--- START ---

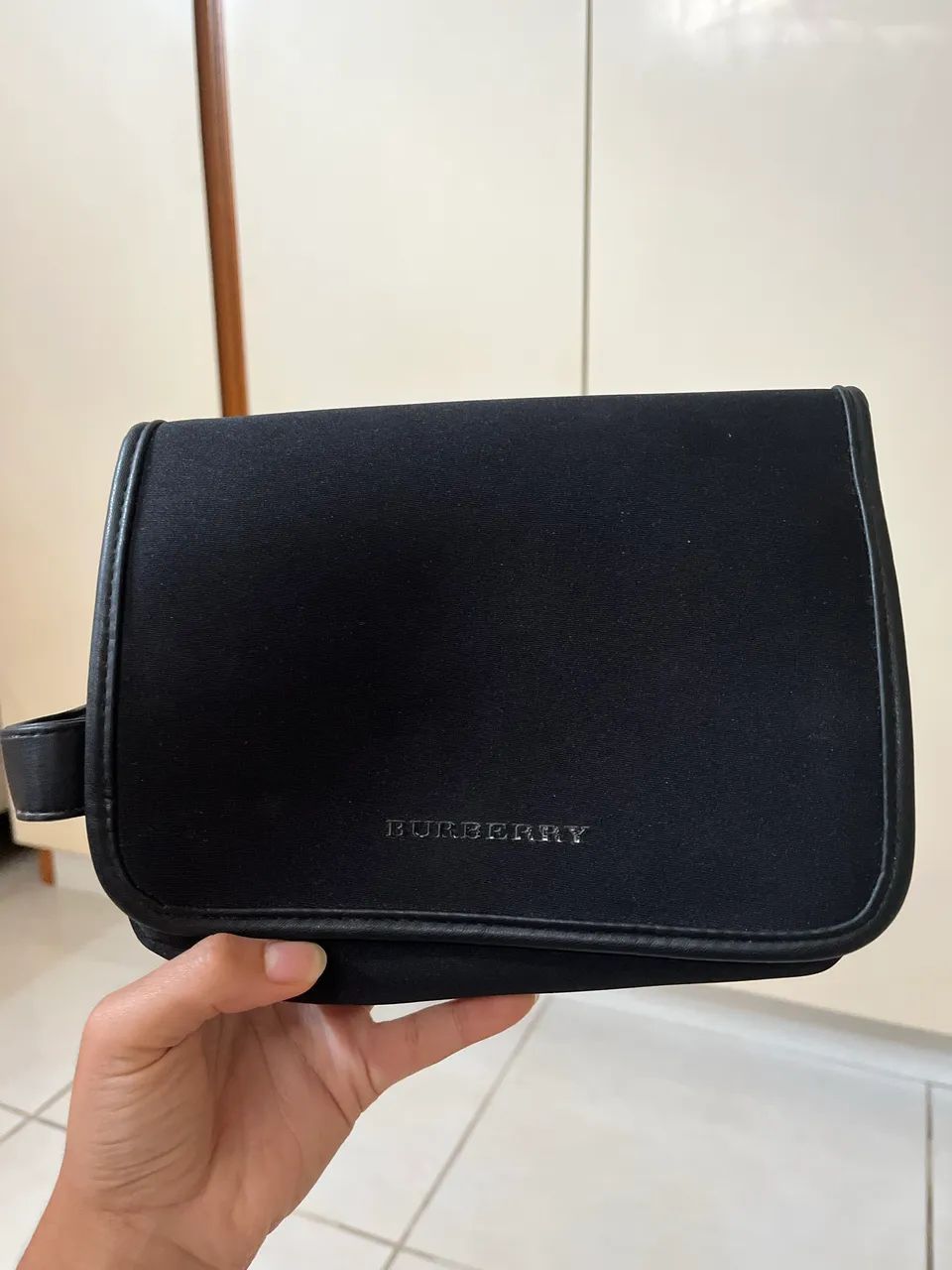 Necessaire Burberry (original)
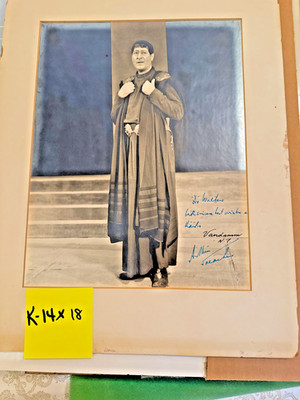 beautiful vintage photo by NYC photographer Florence Vandamm.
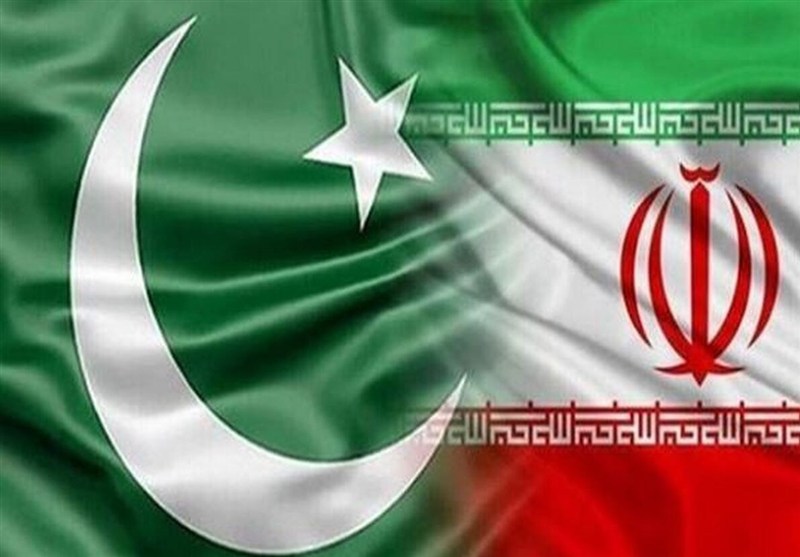 دیدار وزرای دفاع ایران و پاکستان در حاشیه سفر پزشکیان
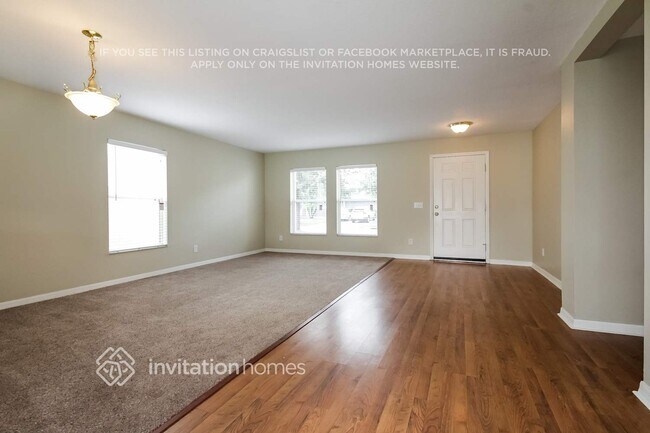 Building Photo - 11170 Golden Silence Dr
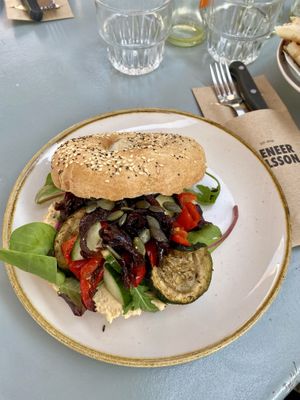 Bagel hummuss  at Meneer Nilsson in Zierikzee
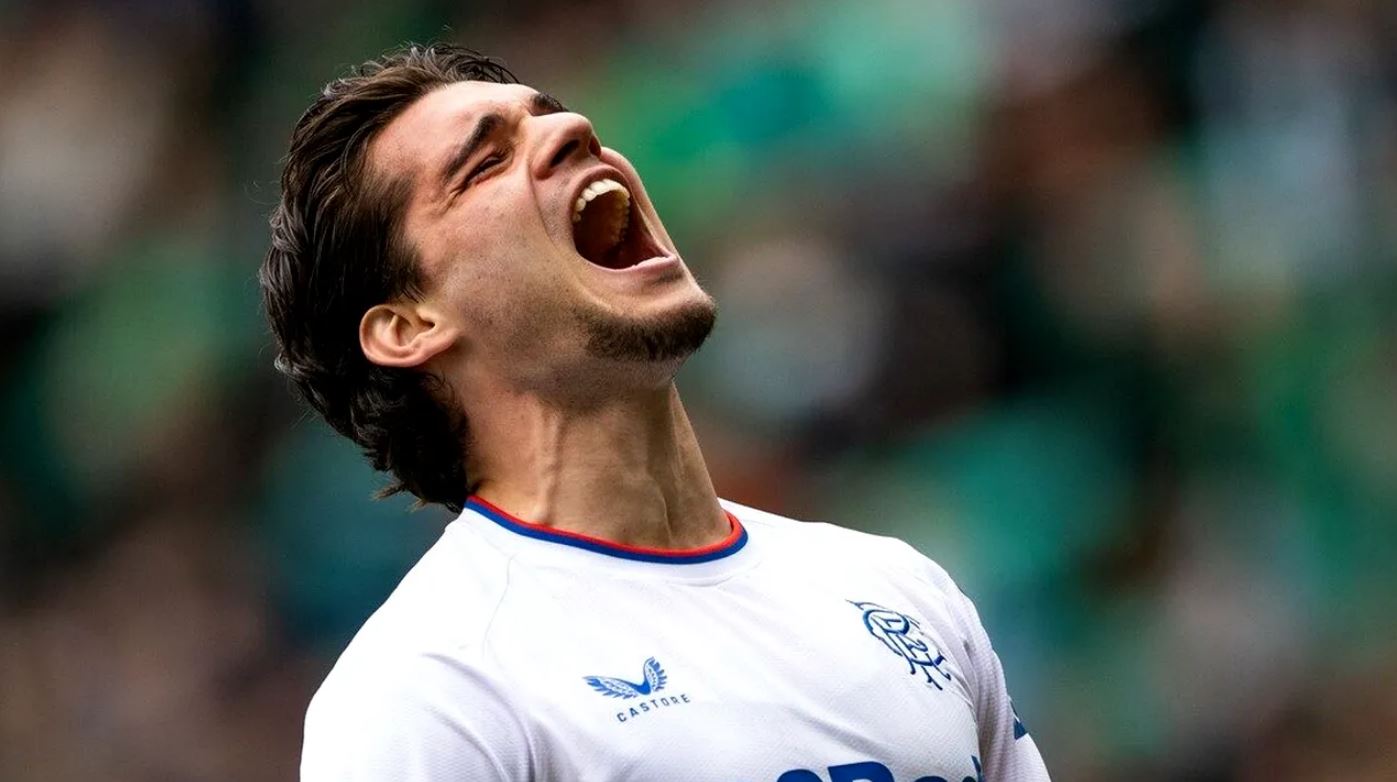Ianis Hagi și-a pierdut răbdarea cu antrenorul Michael Beale după duelul Rangers – Morton din Cupa Ligii Scoției: „Îi respect deciziile, dar nu sunt de acord cu ele!”. Mijlocașul a fost trimis pe teren în ultimele 35 de minute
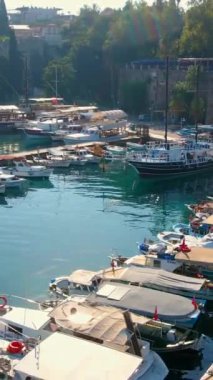 Bu klipte, Antalya Eski Limanı 'nın ebedi güzelliği canlanıyor. Kamera, Türkiye 'nin Antalya kentindeki tarihi limanın üzerinde yükseliyor. Sahne vitrinleri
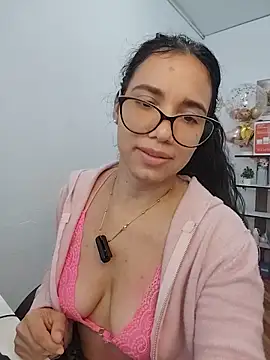 Snapshot of alanahot94 chatting on June 7, 2026, 2:00 pm alanahot94 online show from June 7, 2026, 2:00 pm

--- END ---

The answer must be an exact copy of the lines from the one that holds "Bu klipte, Antalya" through the end of the data, both included, with no pictures.

 Bu klipte, Antalya Eski Limanı 'nın ebedi güzelliği canlanıyor. Kamera, Türkiye 'nin Antalya kentindeki tarihi limanın üzerinde yükseliyor. Sahne vitrinleri
 Snapshot of alanahot94 chatting on June 7, 2026, 2:00 pm alanahot94 online show from June 7, 2026, 2:00 pm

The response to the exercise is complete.